Check my new customized ibanez by Lootnick.

Stock: Ibanez S7420 FM

Modified:
Bridge > Lo Pro Edge 7
Pickups > Bare Knuckle Nailbomb SET
Finish > snow white + black 

















Picasa Web Albums - Micha? - S7420 custom - more photos

Lootnick site LOOTNICK custom guitars, gitary lutnicze


----------



## ralphy1976 (May 18, 2010)

really cool!!! maybe Ibanez should take a leaf out of those guy's book?!!!


----------



## Prydogga (May 18, 2010)

OMG, that's delicious! How much do these guys charge? The Stef T7 copy looks AMAZING! I want!


----------



## jymellis (May 18, 2010)

pups look awesome,so does the trem. but im not feeling the white with black binding. it looks to much like those cheap rg2ex2 ibanez. i would have left it flame maple  awesome work though!


----------



## ralphy1976 (May 18, 2010)

check this one they make (look a like parker 7 string):

LOOTNICK custom guitars, gitary lutnicze


----------



## djpharoah (May 18, 2010)

Nice guitar bro - definitely GOTM material imo.


----------



## Bungle (May 18, 2010)

That. Is. Sex.


----------



## MikeH (May 19, 2010)

Good god that is gorgeous!


----------



## DJENTxCORE901 (May 19, 2010)

Rad!
Reminds me of storm troopers.


----------



## AHelm (May 20, 2010)

mmmmm i love me a white s-series


----------



## ralphy1976 (May 20, 2010)

Prydogga said:


> OMG, that's delicious! How much do these guys charge? The Stef T7 copy looks AMAZING! I want!

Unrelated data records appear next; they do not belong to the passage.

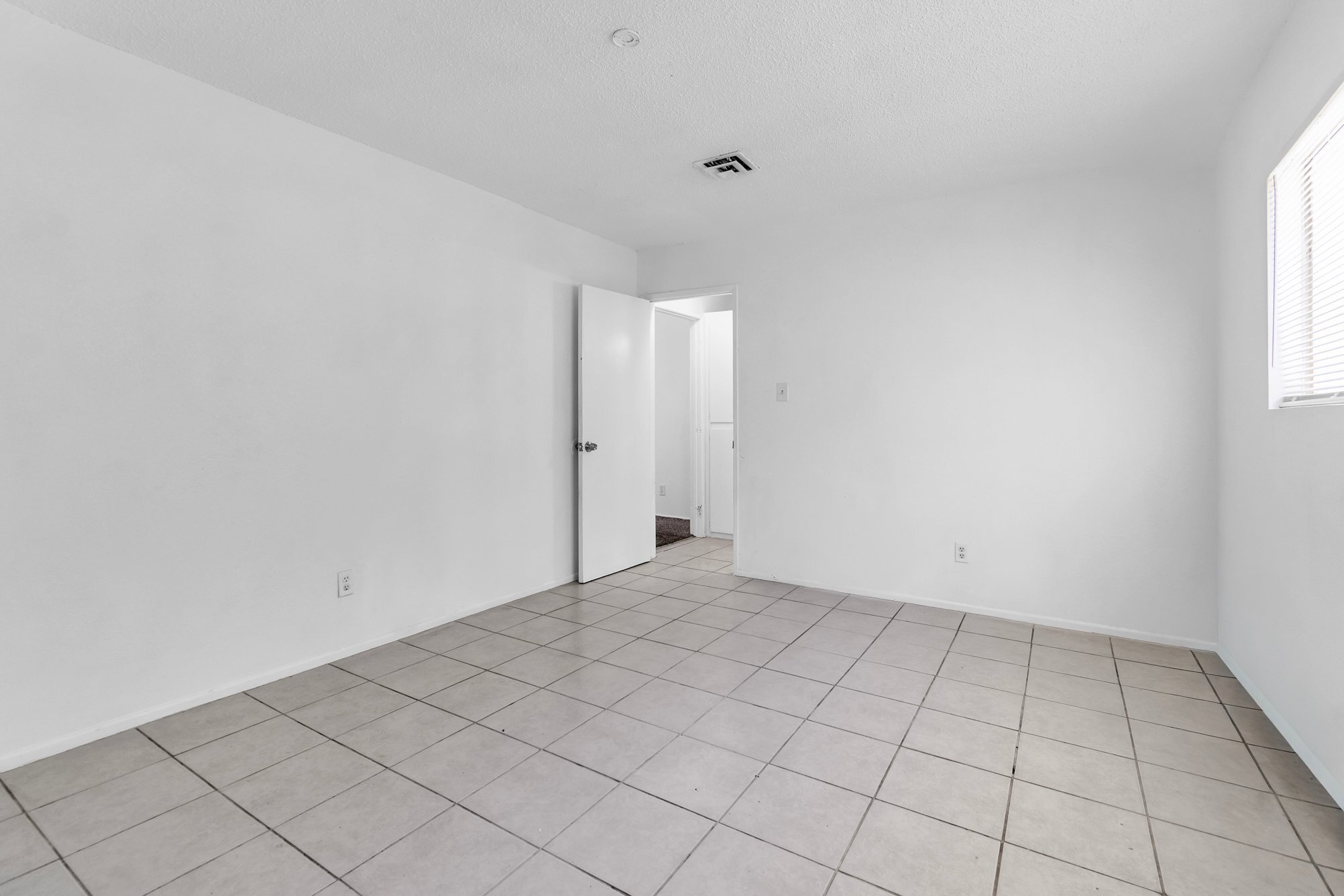Building Photo - 2508 E Mesquite Ave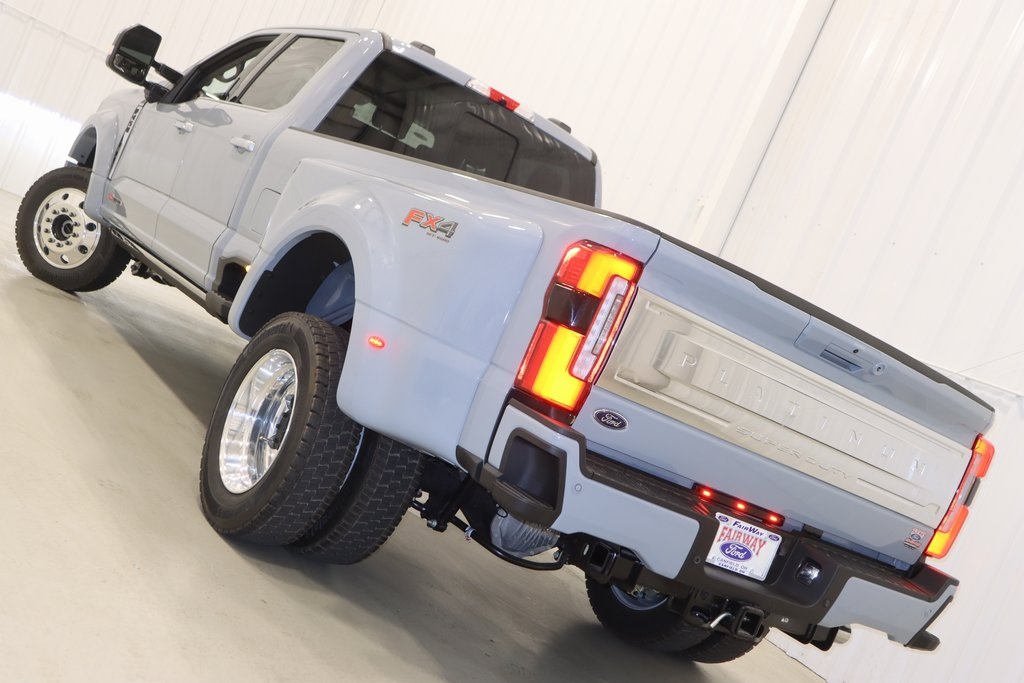 2026 Ford F-450 photo 29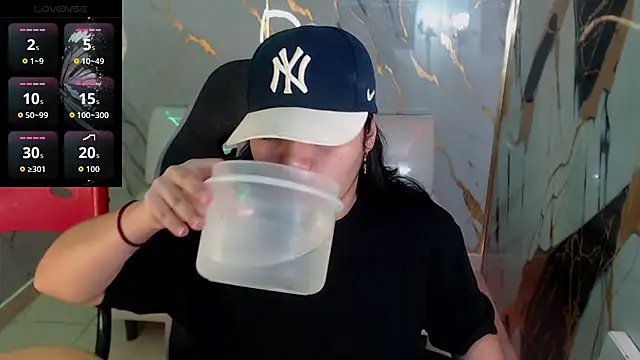 melany rouse18 online show from December 2025 01:42:01 PM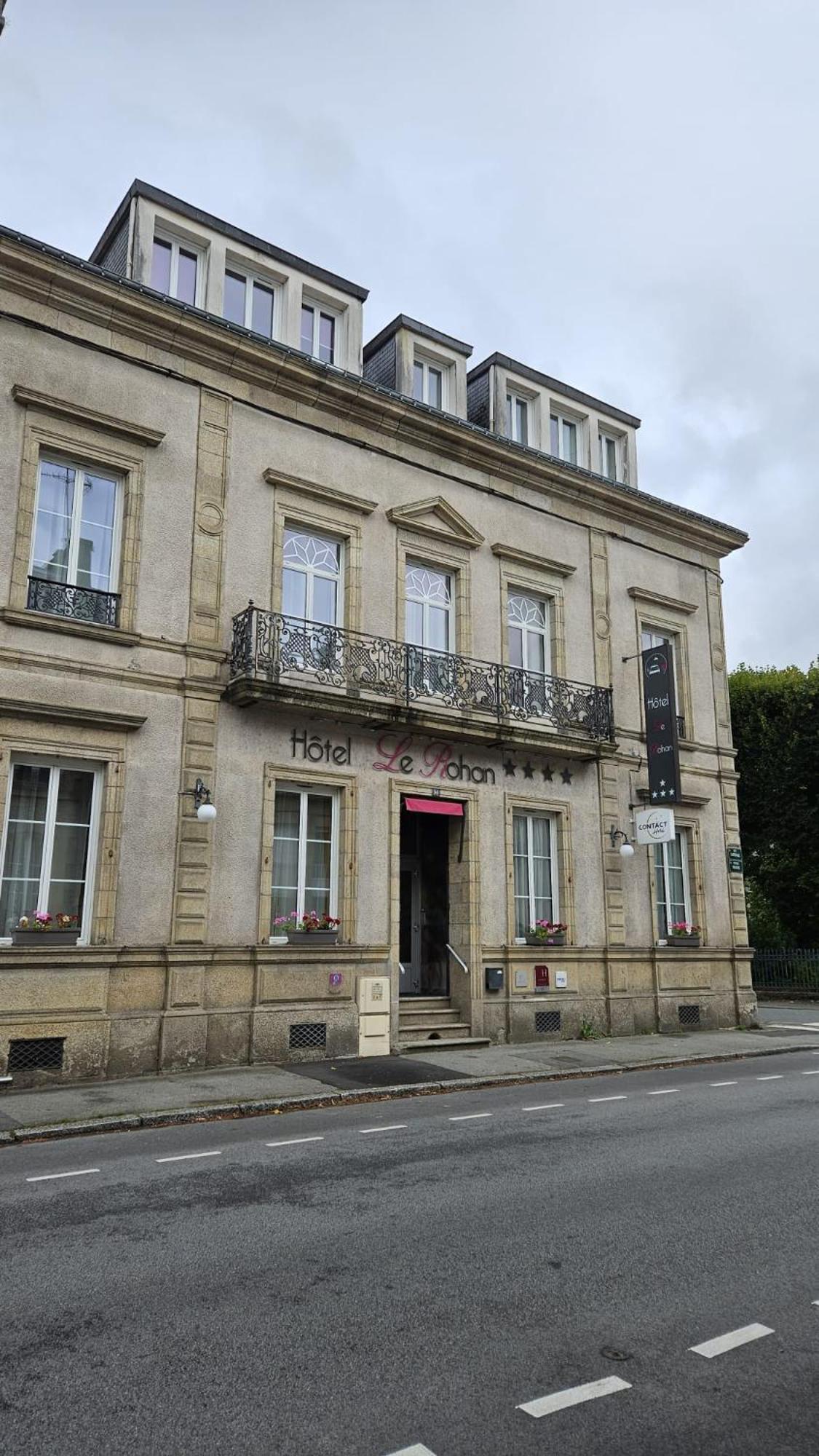 Le Rohan Charme Et Caractere Hotel 4*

the guy told me 2500 euros for the white T7


----------



## skinhead (Jul 12, 2010)

PURE WIN!


----------



## Stealthdjentstic (Jul 12, 2010)




----------



## Guitarman700 (Jul 12, 2010)

BRB, new pants.
That is a sexy guitar!


----------



## josh pelican (Jul 15, 2010)

You know, I've never really been a fan of all white guitars... but that is fucking nice. I saw a dude playing a similar six-string last night and it was also nice as hell.


----------



## GoreNotCore (Jul 15, 2010)

Prydogga said:


> OMG, that's delicious! How much do these guys charge? The Stef T7 copy looks AMAZING! I want!


 
hate to ask a nooby question but what is a stef t7? just wondering

yea it reminds me of chris broderick's rg like that. it looks nice even though white isnt really my thing. id still kill lots of babies for it.


----------



## theperfectcell6 (Jul 15, 2010)

The white is delicious!


----------



## Ironberry (Jul 15, 2010)

josh pelican said:


> I saw a dude playing a similar six-string last night and it was also nice as hell.



Ibanez S570b?







Tis quite a sexy guitar indeed!


----------



## josh pelican (Jul 16, 2010)

Ironberry said:


> Ibanez S570b?
> 
> 
> 
> ...


 
Nah, his didn't have the single coil, just the two humbuckers. I think it was an older model, but it had those inlays...


----------